Supplied records below:
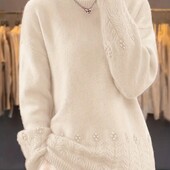 Шикарный, теплый джемпер, свитер, пуловер, р. 4xl, наш 58-66, бежевый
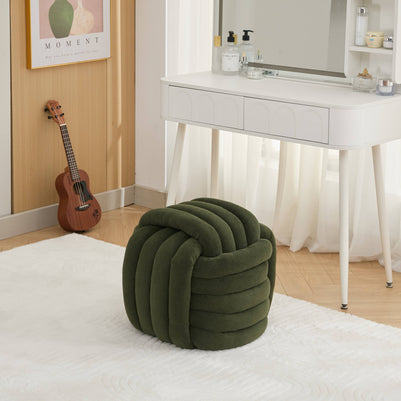Chenille Knot Design Ottoman Makeup Stool Footstool, Green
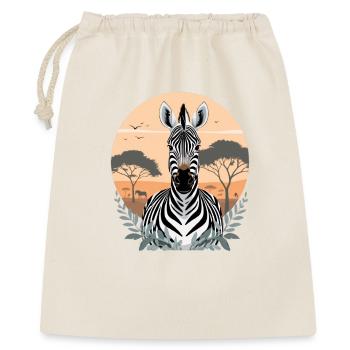 Zèbres dans le coucher de soleil de la savane - Sac cadeau 40 x 50 cm - nature - Devant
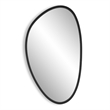 Decorative Wall Mirror- Matte Black Organic Pebble Frame- 21x36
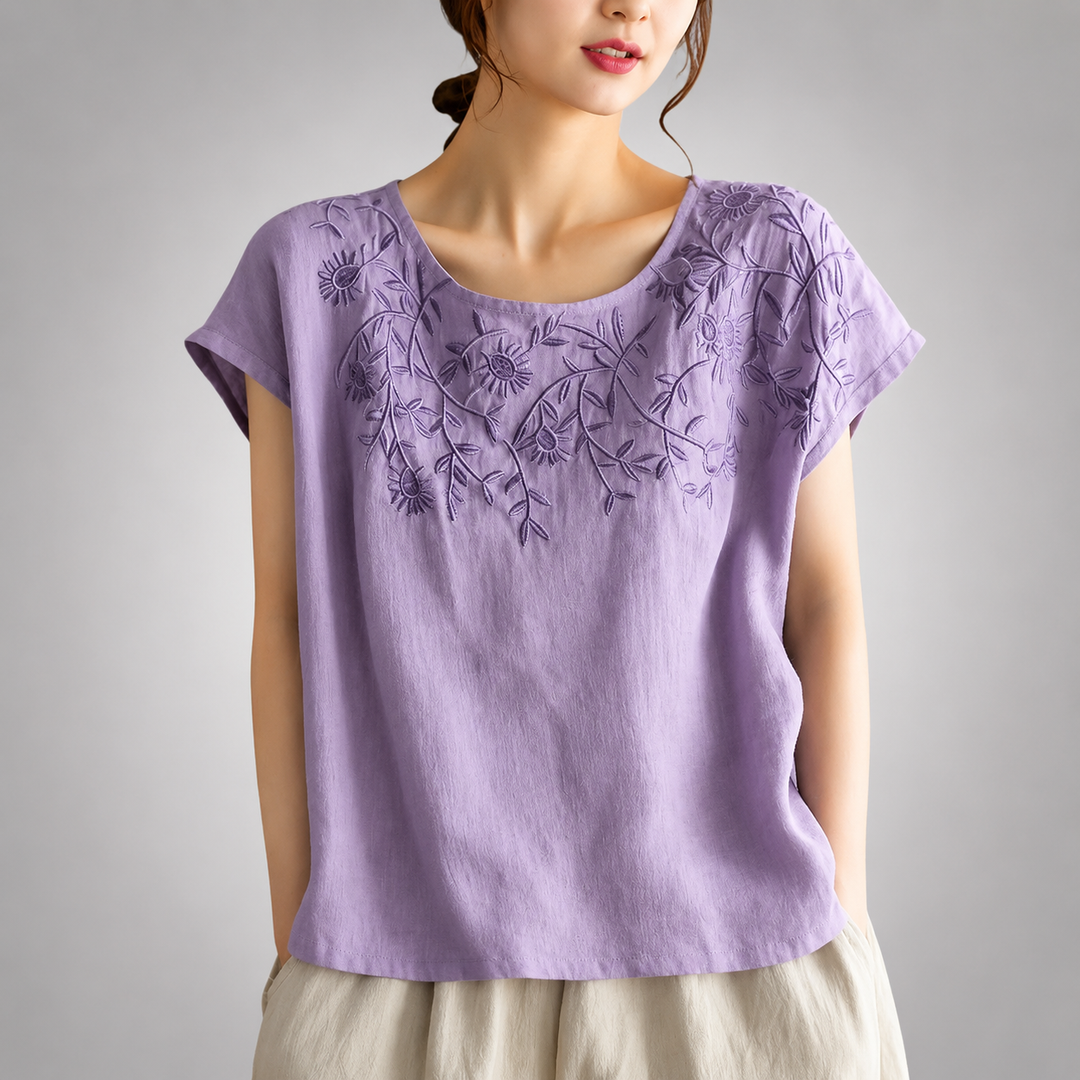 Coralie | Cotton Linen Blouse - Helen & Olivia Manhattan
End of Supplied records.
Please transcribe the material above exactly as written. Leave the pictures out.

 Шикарный, теплый джемпер, свитер, пуловер, р. 4xl, наш 58-66, бежевый
Chenille Knot Design Ottoman Makeup Stool Footstool, Green
 Zèbres dans le coucher de soleil de la savane - Sac cadeau 40 x 50 cm - nature - Devant
 Decorative Wall Mirror- Matte Black Organic Pebble Frame- 21x36
 Coralie | Cotton Linen Blouse - Helen & Olivia Manhattan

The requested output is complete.